もともと道志村には田んぼの畔にクレソンが自生していましたが、地元の方は「ドカタゼリ」と呼び、食品とは捉えていなかったんだとか。美知子さんのお父さまが本職であった鉄鋼業を辞めたタイミングで、農林水産省から「クレソンを作ってみない?」と勧められました。

また、当時は減反政策により休耕田があったことから、1980年に道志村で本格的なクレソン栽培が始まりました。佐藤さん一家は組合長としてクレソン栽培農家を増やすため、新規参入する人の生活を保障しつつ、苦楽を共にされてきたといいます。

道志村のクレソン出荷量が日本トップクラスになった秘訣について、佐藤さんは「トップになるのは目標にしていなかったね。ただ、がむしゃらにやっていただけ」と話します。

「水分が多い茎はジュース用に出荷。出荷用に余分な葉を落とし、整えたクレソンは市場に。落とした葉は粉末にしてせんべいやチョコレートに練り込んだり、クレソンの花が咲いたら何かに使えないか?と、ひたすら考えたりしたから出荷量が増えたんじゃないかな」

あっけらかんと笑う佐藤さんですが、「道志村クレソン栽培組合」の事務所には数々の賞状が飾られ、どれも組合のたゆまぬ努力を称えるものばかりです。

さらにくわしい秘訣を聞くと、「販路の開拓と、水田の発掘かねぇ」と、佐藤さん。なんでもクレソン栽培には、きれいな水が一年中流れている所で、一定の水温を保つのが大事なんだそう。しかし、谷合いにある道志村は、冬は冷え込み、水田が凍結してしまいます。
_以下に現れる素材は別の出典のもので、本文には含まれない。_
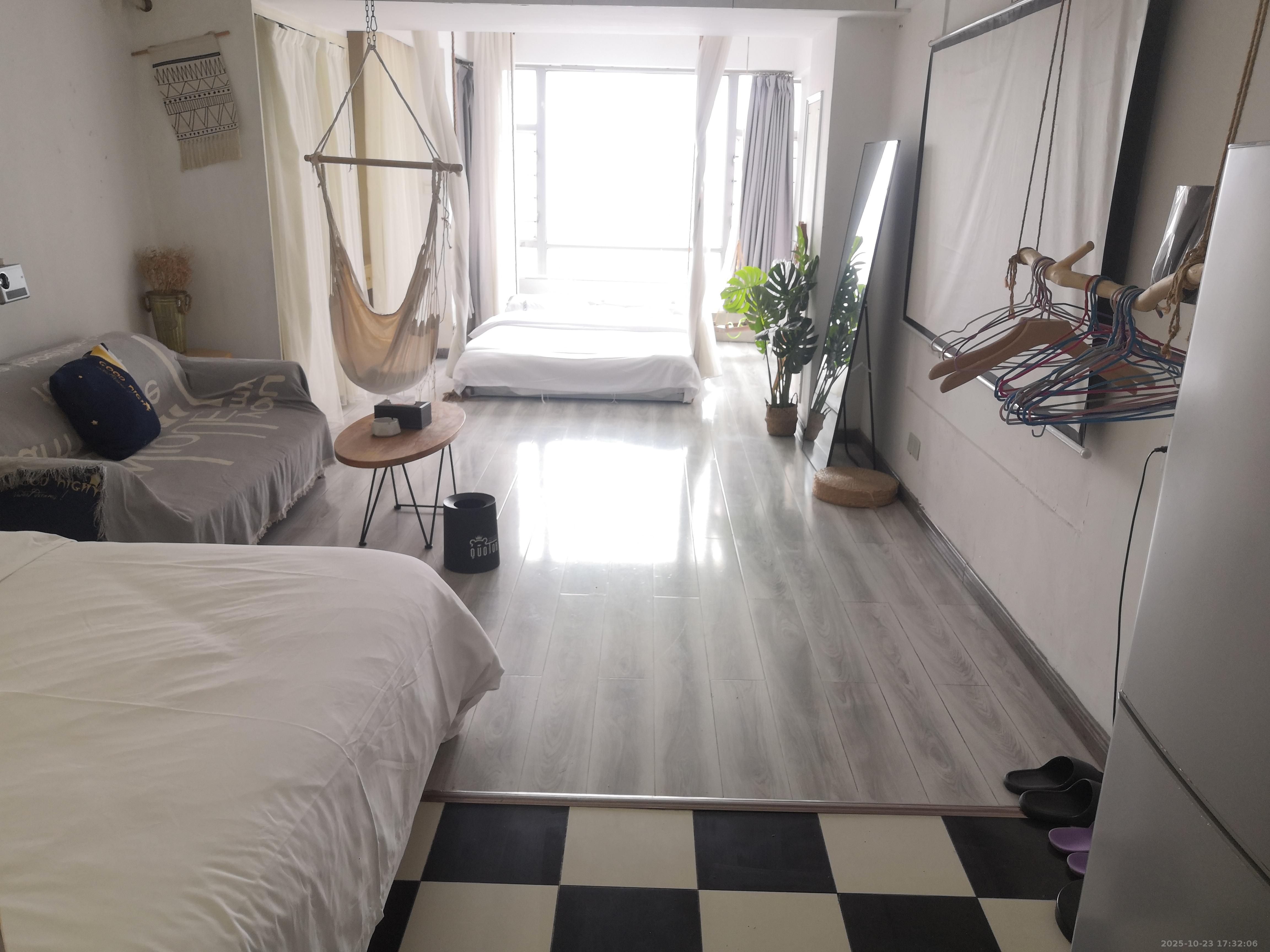 BOBO国际  1室1厅1卫    2200.0元/月室内图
折しもクレソン需要が高まる中、冬でも出荷できるよう工夫する必要がありました。

そこで佐藤さんが試みたのは、「西伊豆で真冬でも凍らず、水が流れている沢を一本一本探して回る」という策。

冬は比較的あたたかい富士山周辺や西伊豆の水田を借り、夏場は山梨で、と場所を変えて生産します。そうすることで、佐藤さんは、年中クレソンの出荷を実現することができたのだそう。

しかし、それでは出荷のためにあちこちの水田に赴き、収穫する必要があります。「大変ではないですか?」と聞くと、こんなハッとするような言葉が返ってきました。

「みなさんが通勤するのと一緒ですよ。どんな仕事も大変だけど、これで食べていこうと決めたのなら楽しさを見出ださないと。例えば、西伊豆の水田まで行くルートを変えてドライブを楽しむ。今日は帰りにどこの温泉に寄ろうか。サクラエビの季節だから食べて帰ろうか、とかね。仕事だけに忙殺されないのが、長続きのコツなの」

『栄養も食べ方も万能選手!クレソンのおいしい食べ方』

そんなたゆまぬ努力の末、生産を続けてこられたクレソンのおいしい食べ方について、佐藤さんからアドバイスをいただきました。

「クレソンは本当に、遊びがいのある食材ですよ。クレソンそのものを味わいたいなら生でサラダに。火を通せば苦みと辛みが消えるので、子どもも喜んで食べるようになります。刺身に巻いてワサビ代わりにするもよし。こうしなければダメというタブーがない万能食材なんです」

そこで今回は、肉料理の付け合わせが多いクレソンのイメージからは程遠いクレソンケーキのレシピを教わりました。

万能食材の名の通り、火を通したクレソンは独特の辛みが消え、癖がありません。誰にでも食べやすいものへと変身していました。このケーキなら、野菜嫌いでも問題なく食べられそうです。クレソンケーキは、道志村内の「道の駅どうし」で食べることもできます。

『年長者が頭をやわらかくして考え、次世代の担い手を育てたい』

1999年にできた「道の駅どうし」で、クレソンを加工した土産品の取り扱いをはじめたことから、徐々に道志村の特産として知られるようになった「クレソン」。しかし現在、どの農家も次世代の担い手不足に悩んでいます。

佐藤さんに将来の目標について聞くと、「農業を始めたい人を応援することですね。道志村でネット販売や無農薬農法など、自分の農業の理想郷を追い求めたっていい。ただ、その間にも生活費は必要だから、ここでクレソンを作ってくれれば組合で買い上げ、生活の土台を作ってあげたいです」

頼もしく話す佐藤さんは、さらにこう続けます。

「若い人に道志村でクレソンを作ってもらうため、年長者がどうしたらいいか頭をやわらかくして考えなくては。40年のクレソン栽培で培ったアドバイスはするし、生活の土台を作ってあげるから、道志村で伸びていってほしいですね」

そんな佐藤さんの言葉には、クレソン栽培に立ちふさがる困難を乗り越えてきた自信と、これから何があっても柔軟に乗り越えていく意思に満ちあふれていました。

佐藤さんは「ただがむしゃらにやってきただけ」と謙遜されますが、流水の中にしっかり根を張るクレソンのように、柔軟かつ強力なリーダーシップで、これからも一層活躍されることでしょう。